» **WORK TASK**: Repeat the listing in full, preserving every character.

» **COLLECTED MATERIAL**:
====================

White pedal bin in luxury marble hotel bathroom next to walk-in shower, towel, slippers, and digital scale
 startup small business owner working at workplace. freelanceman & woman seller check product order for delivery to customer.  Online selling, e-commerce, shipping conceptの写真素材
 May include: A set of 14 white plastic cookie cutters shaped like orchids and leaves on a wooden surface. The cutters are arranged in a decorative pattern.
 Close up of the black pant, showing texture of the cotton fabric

====================

» **EXERCISE SOLUTION**:
White pedal bin in luxury marble hotel bathroom next to walk-in shower, towel, slippers, and digital scale
 startup small business owner working at workplace. freelanceman & woman seller check product order for delivery to customer.  Online selling, e-commerce, shipping conceptの写真素材
 May include: A set of 14 white plastic cookie cutters shaped like orchids and leaves on a wooden surface. The cutters are arranged in a decorative pattern.
 Close up of the black pant, showing texture of the cotton fabric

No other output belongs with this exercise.